## Information supplied
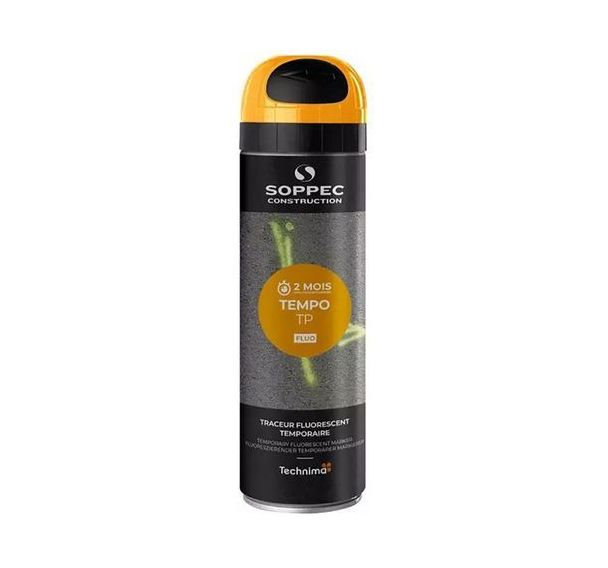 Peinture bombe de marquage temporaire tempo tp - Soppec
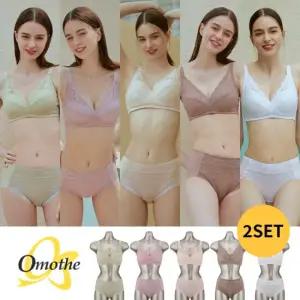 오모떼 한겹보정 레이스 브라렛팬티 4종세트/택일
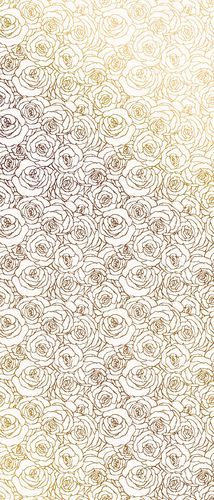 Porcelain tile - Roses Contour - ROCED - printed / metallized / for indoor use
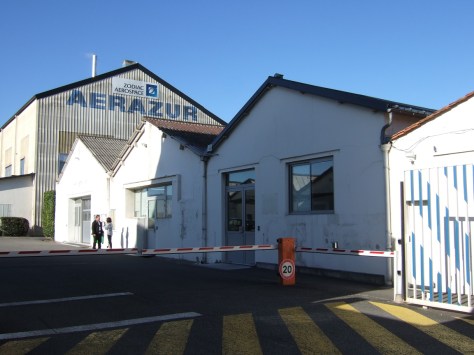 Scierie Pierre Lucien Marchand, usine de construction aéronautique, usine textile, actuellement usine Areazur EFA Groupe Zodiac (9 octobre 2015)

==

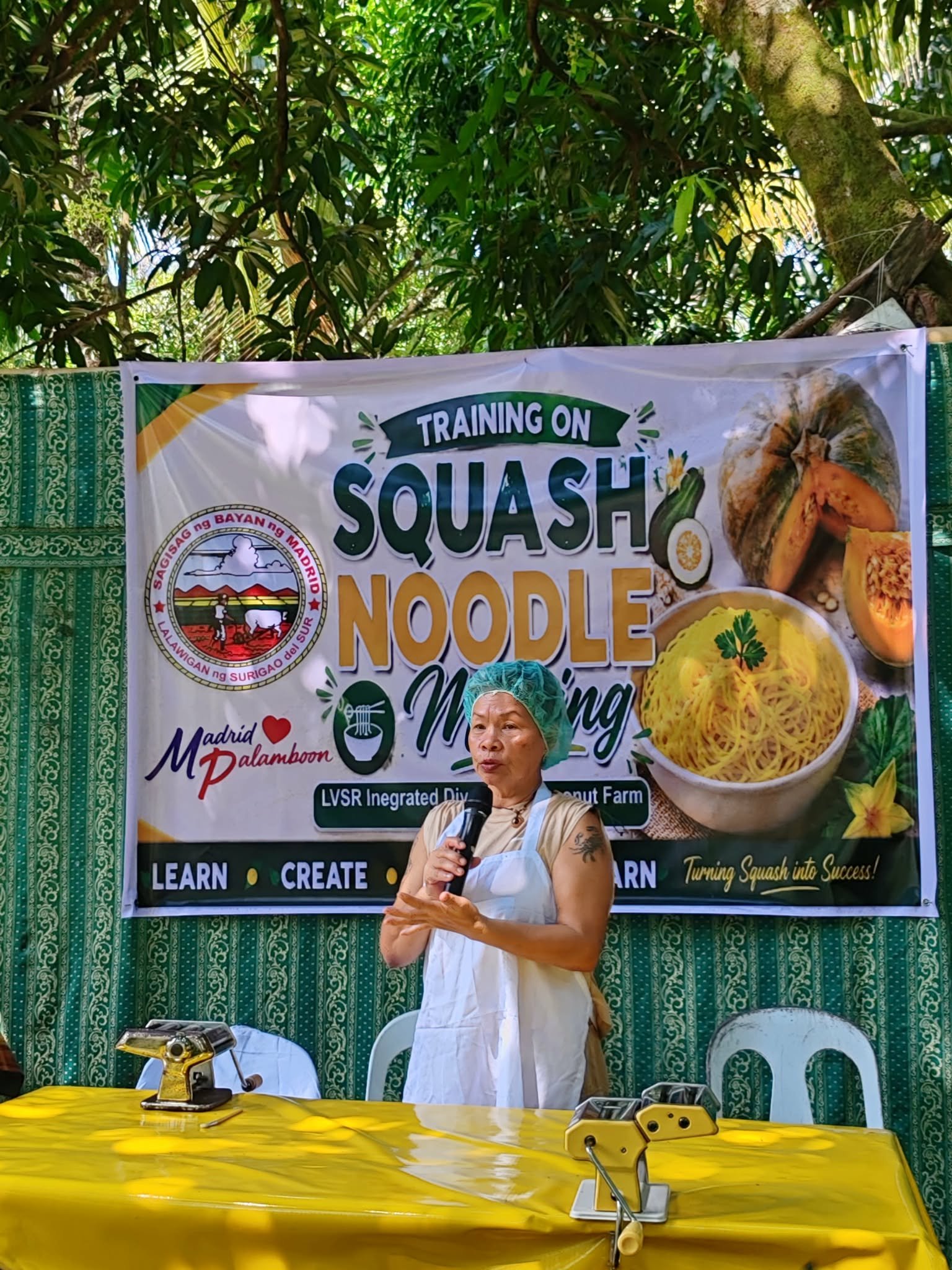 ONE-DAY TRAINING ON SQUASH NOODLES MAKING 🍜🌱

## Task statement
The material above holds pictures; leave them out and set down exactly the lines from the line with "Peinture bombe de" to the line with "Scierie Pierre Lucien", both included.

## Reply
 Peinture bombe de marquage temporaire tempo tp - Soppec
 오모떼 한겹보정 레이스 브라렛팬티 4종세트/택일
 Porcelain tile - Roses Contour - ROCED - printed / metallized / for indoor use
 Scierie Pierre Lucien Marchand, usine de construction aéronautique, usine textile, actuellement usine Areazur EFA Groupe Zodiac (9 octobre 2015)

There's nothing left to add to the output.